For instance, the #1 most effective method listed is refrigerant management.
[http://www.drawdown.org/solutions/materials/refrigerant-
mana...](http://www.drawdown.org/solutions/materials/refrigerant-management)

> _Refrigerants, specifically CFCs and HCFCs, were once culprits in depleting
> the ozone layer. Thanks to the 1987 Montreal Protocol, they have been phased
> out. HFCs, the primary replacement, spare the ozone layer, but have 1,000 to
> 9,000 times greater capacity to warm the atmosphere than carbon dioxide._

They seem to suggest that this is an unintended side-effect, but fail to
mention that CFCs were no better in this regard (falling into that same
range). R-12, the most common CFC, has a global warming potential of 10,900,
or 10,900x that of CO2.

> _Through an amendment to the Montreal Protocol, the world will phase out
> HFCs—starting with high-income countries in 2019, then some low-income
> countries in 2024 and others in 2028. Substitutes are already on the market,
> including natural refrigerants such as propane and ammonium [sic]._

Propane and anhydrous ammonia are considered "first generation refrigerants."
They were phased out in favor of CFCs ("second generation refrigerants")
because unlike propane and anhydrous ammonia, CFCs don't explode or chemical
burn your lungs if your household refrigerator leaks.
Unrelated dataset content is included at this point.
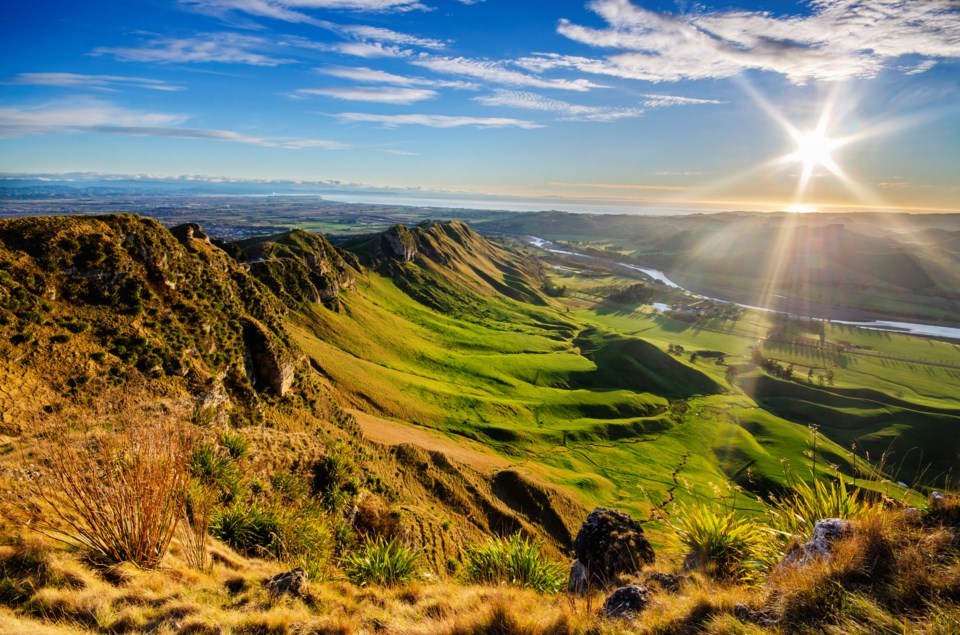 te-mata-peak-hawkes-bay-new-zealand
[https://en.wikipedia.org/wiki/Thomas_Midgley_Jr.#Synthesis_o...](https://en.wikipedia.org/wiki/Thomas_Midgley_Jr.#Synthesis_of_Freon)

There _are_ better options, the imaginatively named "fourth generation
refrigerants." These include HFO-1234yf (nearly a drop-in replacement for
R-134a; incidentally this is used in the Tesla drivetrain chiller/air
conditioner), HFO-1234ze, and ironically enough CO2 (aka R-744, which is much
cheaper than the other two and runs more efficiently, but requires a system
redesign due to higher operating pressures).

[https://en.wikipedia.org/wiki/HFO-1234yf](https://en.wikipedia.org/wiki/HFO-1234yf)

[https://en.wikipedia.org/wiki/R-744](https://en.wikipedia.org/wiki/R-744)

------
lostmsu
Does not mention fusion at all. People are so short-sighted. :(